Assignment:
Your task is to extract every entry that follows word for word while excluding the pictures.

*** Begin section ***

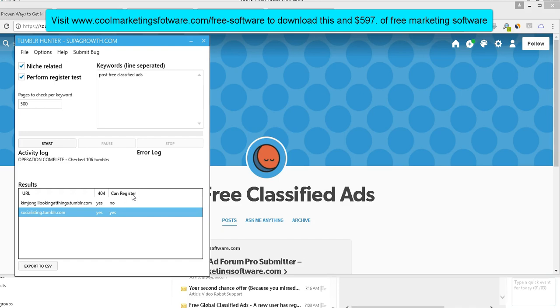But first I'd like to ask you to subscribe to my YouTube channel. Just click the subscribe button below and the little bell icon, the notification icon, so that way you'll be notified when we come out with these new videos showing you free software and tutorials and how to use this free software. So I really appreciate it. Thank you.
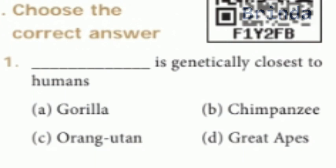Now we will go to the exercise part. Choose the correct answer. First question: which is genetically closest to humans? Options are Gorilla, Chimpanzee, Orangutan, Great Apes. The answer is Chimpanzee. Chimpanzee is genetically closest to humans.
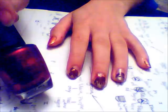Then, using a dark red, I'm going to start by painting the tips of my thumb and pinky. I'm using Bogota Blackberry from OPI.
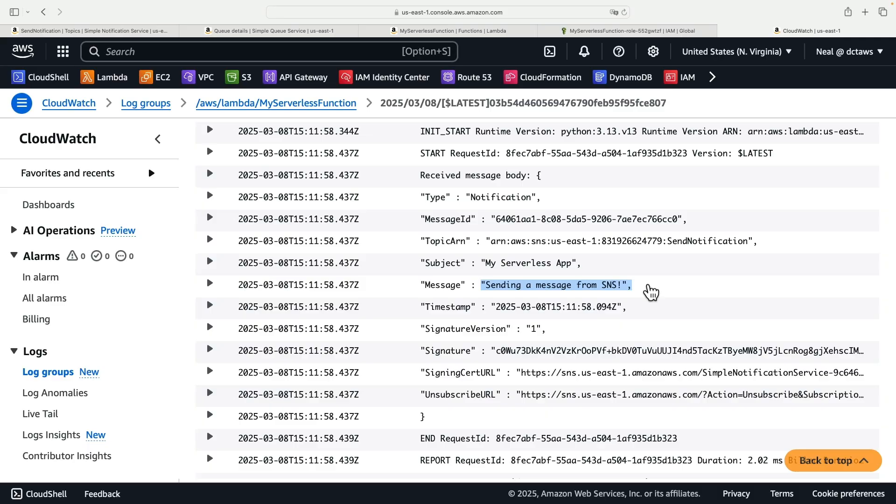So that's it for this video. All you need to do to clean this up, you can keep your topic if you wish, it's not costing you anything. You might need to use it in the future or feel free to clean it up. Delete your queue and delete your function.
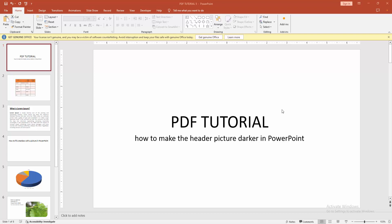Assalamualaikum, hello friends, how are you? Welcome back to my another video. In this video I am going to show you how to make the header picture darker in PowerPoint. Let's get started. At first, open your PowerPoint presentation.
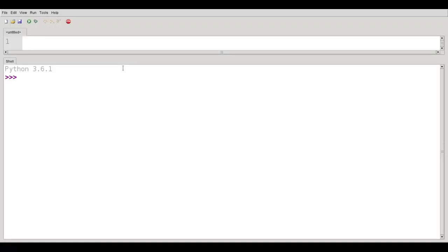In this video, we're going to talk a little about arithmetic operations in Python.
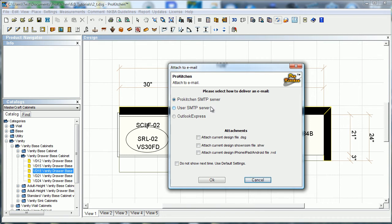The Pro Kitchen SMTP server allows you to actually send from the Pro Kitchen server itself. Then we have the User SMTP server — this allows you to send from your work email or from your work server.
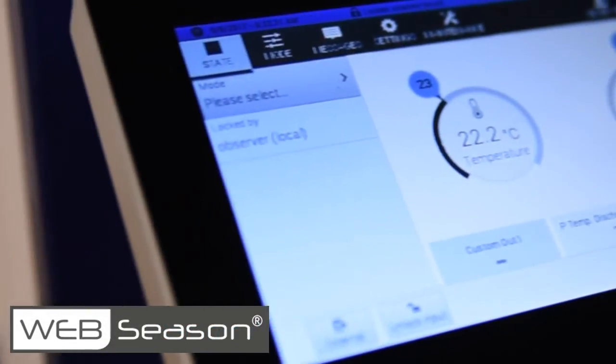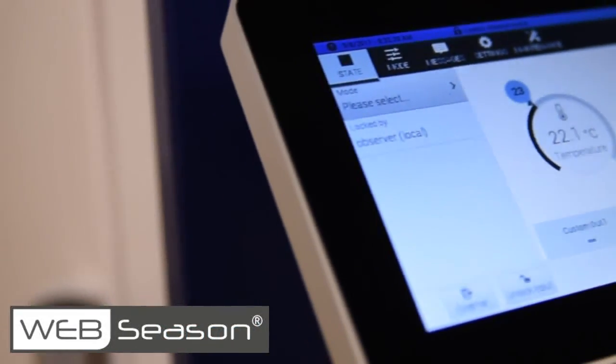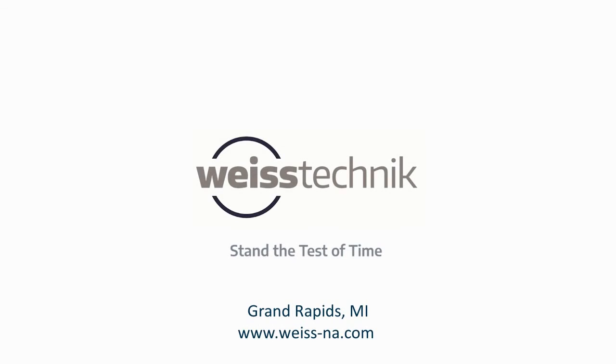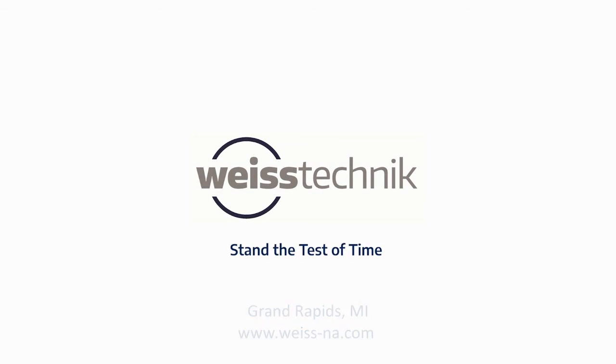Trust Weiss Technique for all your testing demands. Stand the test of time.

*** End section ***

Solved exercise:
But first I'd like to ask you to subscribe to my YouTube channel. Just click the subscribe button below and the little bell icon, the notification icon, so that way you'll be notified when we come out with these new videos showing you free software and tutorials and how to use this free software. So I really appreciate it. Thank you.
Now we will go to the exercise part. Choose the correct answer. First question: which is genetically closest to humans? Options are Gorilla, Chimpanzee, Orangutan, Great Apes. The answer is Chimpanzee. Chimpanzee is genetically closest to humans.
Then, using a dark red, I'm going to start by painting the tips of my thumb and pinky. I'm using Bogota Blackberry from OPI.
So that's it for this video. All you need to do to clean this up, you can keep your topic if you wish, it's not costing you anything. You might need to use it in the future or feel free to clean it up. Delete your queue and delete your function.
Assalamualaikum, hello friends, how are you? Welcome back to my another video. In this video I am going to show you how to make the header picture darker in PowerPoint. Let's get started. At first, open your PowerPoint presentation.
In this video, we're going to talk a little about arithmetic operations in Python.
The Pro Kitchen SMTP server allows you to actually send from the Pro Kitchen server itself. Then we have the User SMTP server — this allows you to send from your work email or from your work server.
Trust Weiss Technique for all your testing demands. Stand the test of time.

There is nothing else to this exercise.